### DESCRIPTION OF THE TASK:
The line with "this 600×900 image." marks where to begin; print it and all lines after it in the material below exactly, skipping pictures.

START DATA EXTRACT

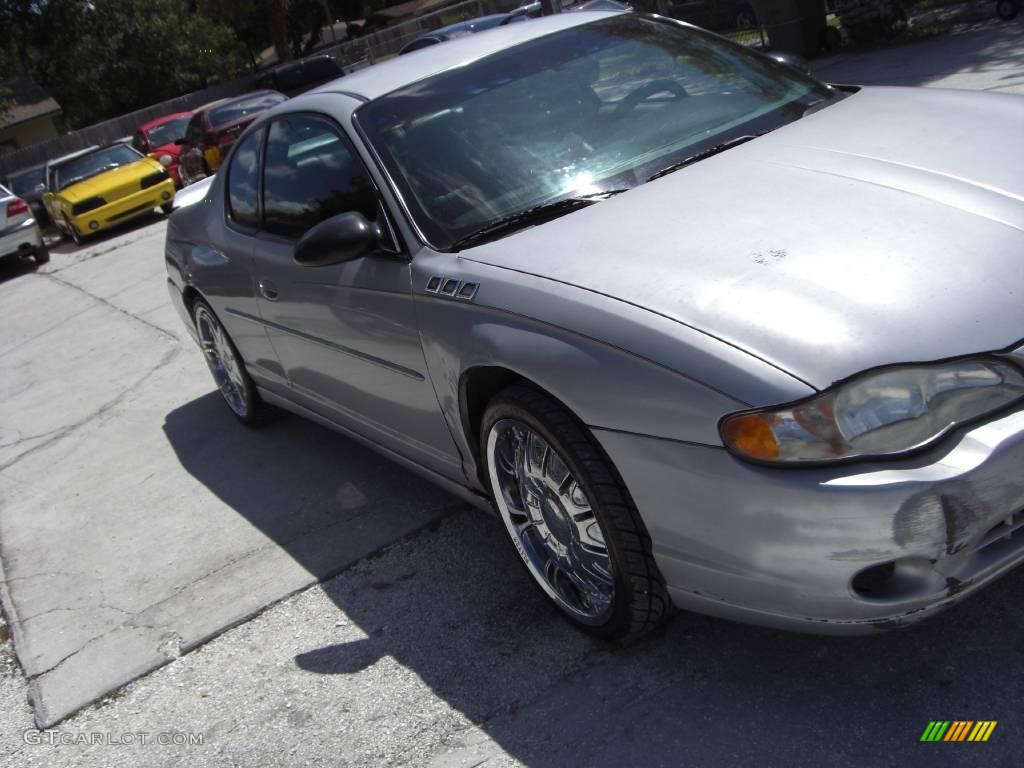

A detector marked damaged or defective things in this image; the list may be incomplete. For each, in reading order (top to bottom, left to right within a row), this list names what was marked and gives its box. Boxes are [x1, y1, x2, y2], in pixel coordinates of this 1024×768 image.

damaged front bumper [592, 408, 1024, 636]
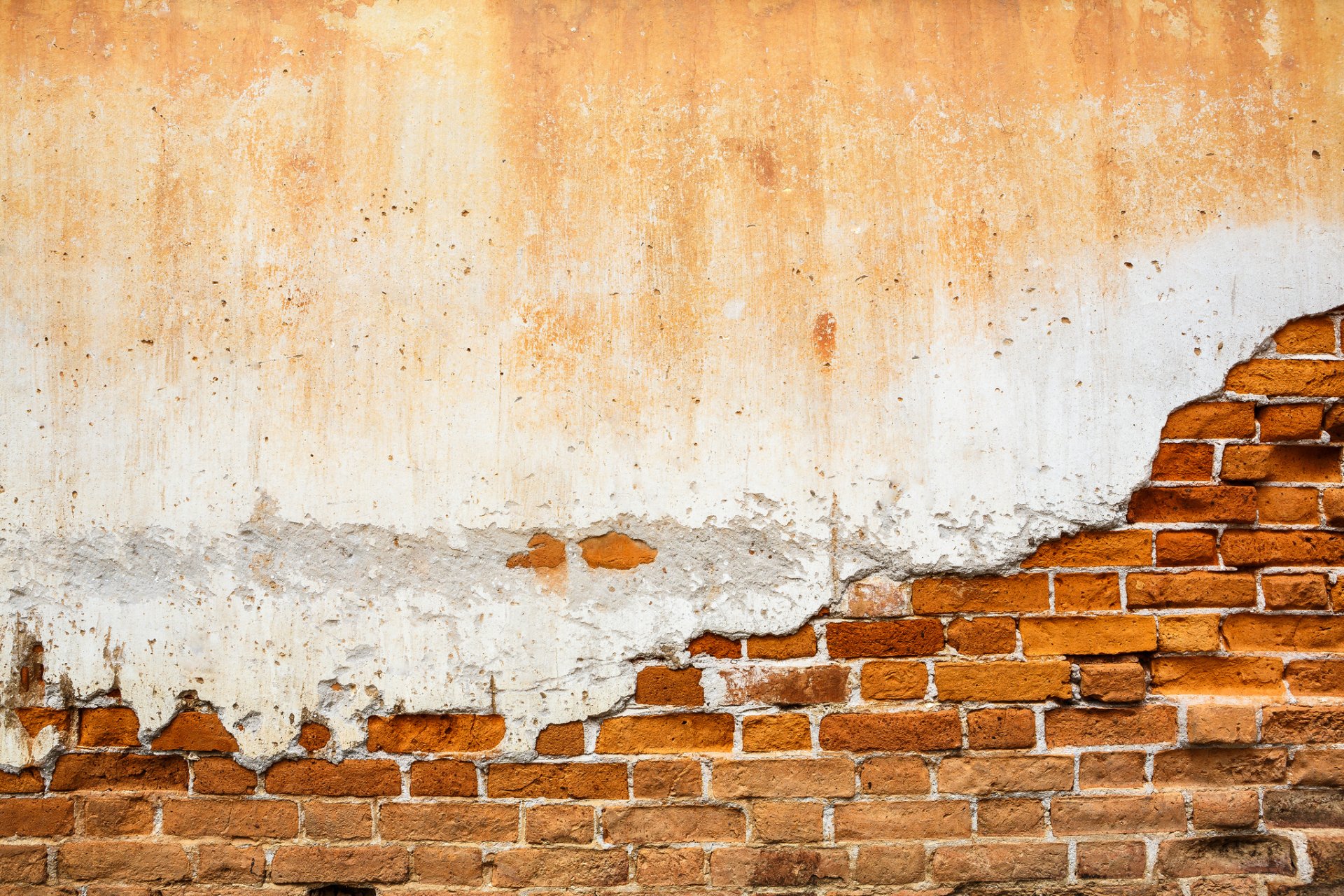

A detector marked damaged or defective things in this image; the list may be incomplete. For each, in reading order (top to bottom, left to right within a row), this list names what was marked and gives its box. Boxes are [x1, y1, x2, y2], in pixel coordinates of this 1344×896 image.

rust discoloration [580, 532, 658, 574]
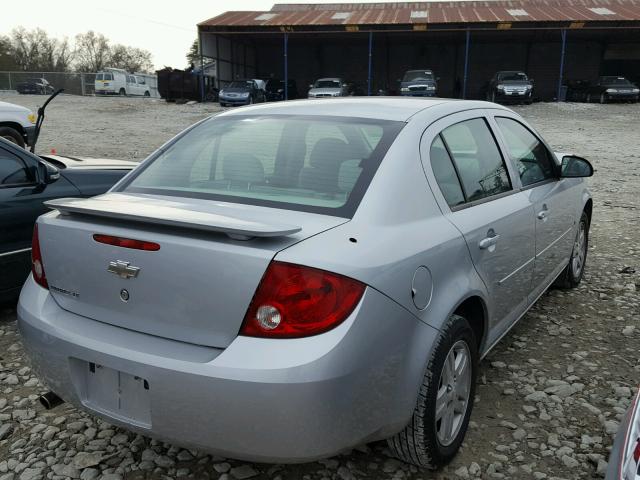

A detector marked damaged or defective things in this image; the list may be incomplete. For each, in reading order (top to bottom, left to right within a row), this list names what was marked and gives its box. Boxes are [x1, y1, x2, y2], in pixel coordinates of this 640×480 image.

rusty metal roof [199, 0, 640, 29]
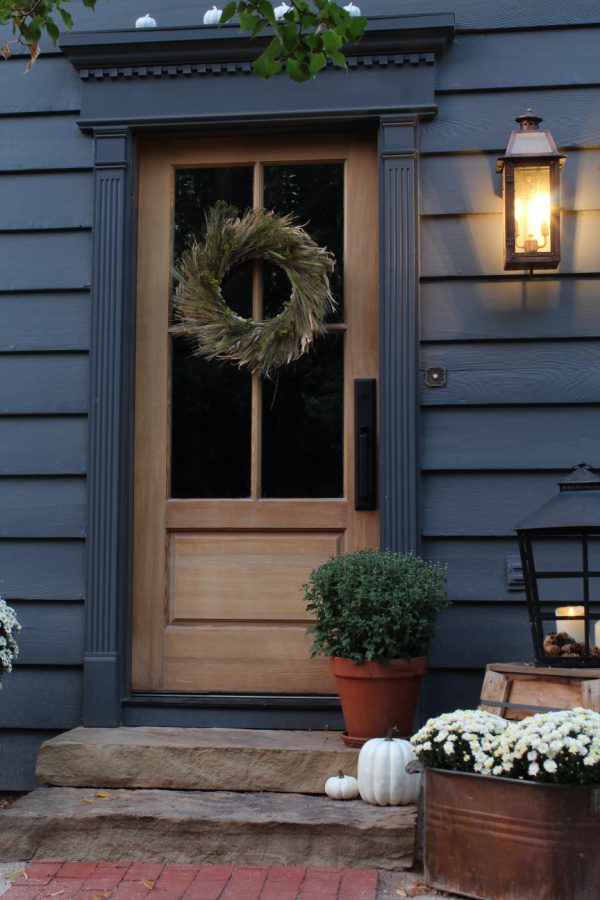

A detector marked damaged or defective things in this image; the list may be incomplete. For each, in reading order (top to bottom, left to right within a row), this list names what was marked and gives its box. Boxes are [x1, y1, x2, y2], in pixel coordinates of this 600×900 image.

rusted metal planter [422, 768, 600, 900]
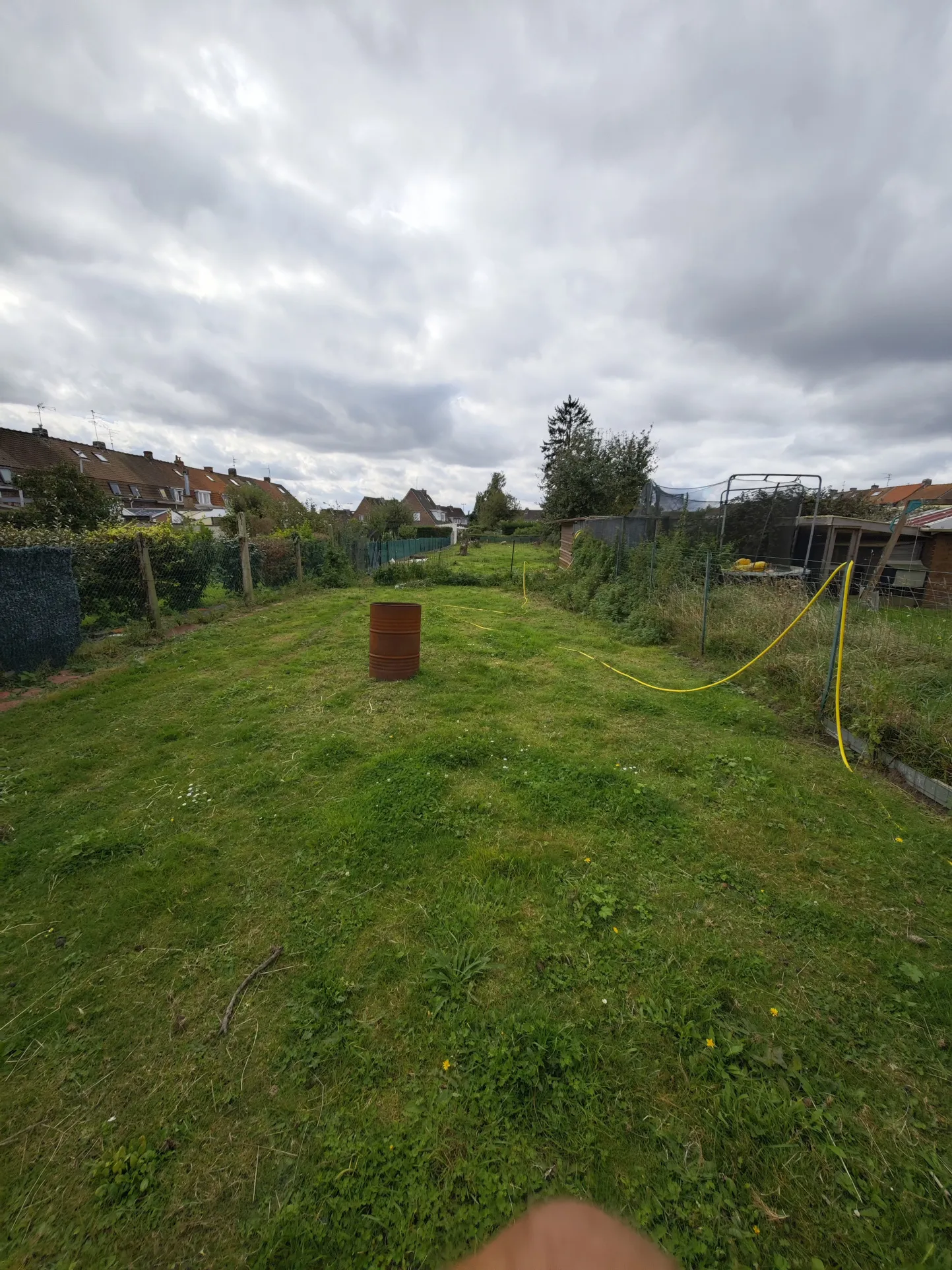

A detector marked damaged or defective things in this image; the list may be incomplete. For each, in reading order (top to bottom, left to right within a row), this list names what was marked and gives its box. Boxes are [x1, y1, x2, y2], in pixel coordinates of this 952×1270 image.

rusty metal barrel [367, 599, 421, 681]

END DATA EXTRACT

### OUTPUT FOR THIS TASK:
A detector marked damaged or defective things in this image; the list may be incomplete. For each, in reading order (top to bottom, left to right within a row), this list names what was marked and gives its box. Boxes are [x1, y1, x2, y2], in pixel coordinates of this 600×900 image.

rusted metal planter [422, 768, 600, 900]

A detector marked damaged or defective things in this image; the list may be incomplete. For each, in reading order (top to bottom, left to right within a row), this list names what was marked and gives its box. Boxes are [x1, y1, x2, y2], in pixel coordinates of this 952×1270 image.

rusty metal barrel [367, 599, 421, 681]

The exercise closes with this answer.